Problem details
Although the records contain pictures, print none of them; print exactly the lines from the one with "Drei Rosenkrapfen auf hellem Teller" through the last line.

Task material
═══

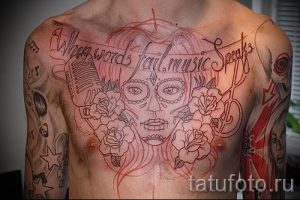Фото тату в стиле чикано на груди и плечах мужчины. Рисунок включает в себя портрет девушки, микрофон, розы и надписи.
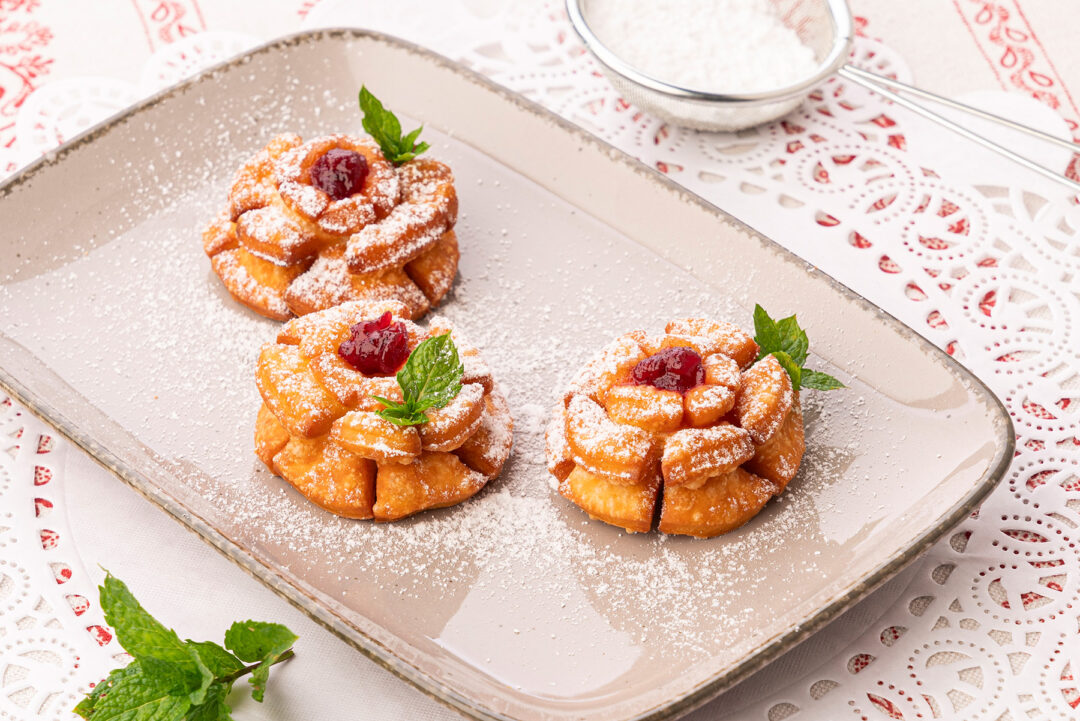 Drei Rosenkrapfen auf hellem Teller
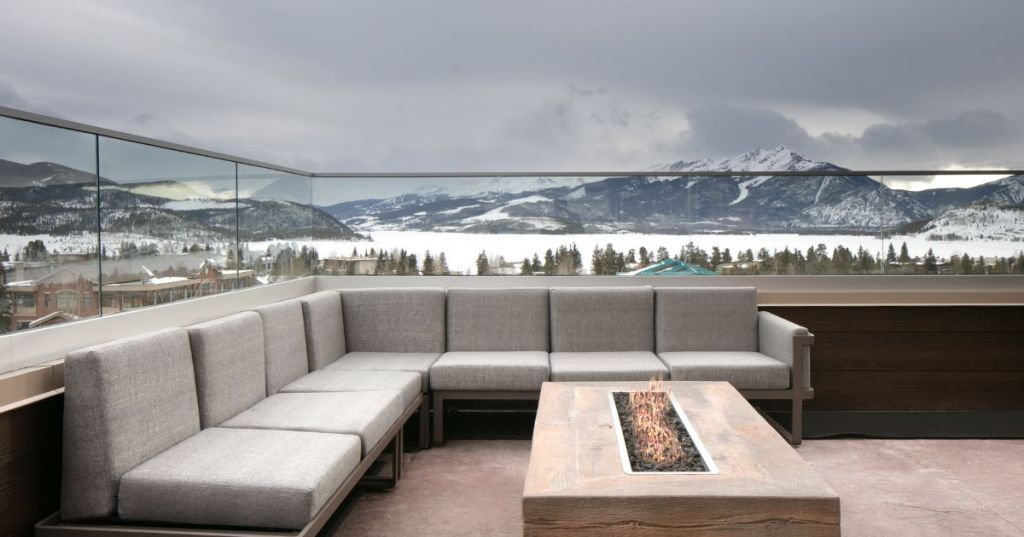 Snowy mountain views from Vue Rooftop in Dillon, Colorado.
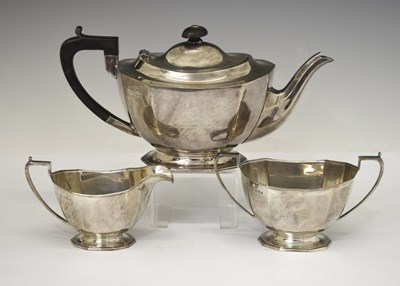 Lot 180 - Elizabeth II silver three-piece tea set of shaped rectagular form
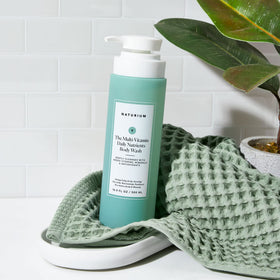 Naturium body wash in bathroom setting promoting everyday routine benefit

═══

Exercise output
 Drei Rosenkrapfen auf hellem Teller
 Snowy mountain views from Vue Rooftop in Dillon, Colorado.
 Lot 180 - Elizabeth II silver three-piece tea set of shaped rectagular form
 Naturium body wash in bathroom setting promoting everyday routine benefit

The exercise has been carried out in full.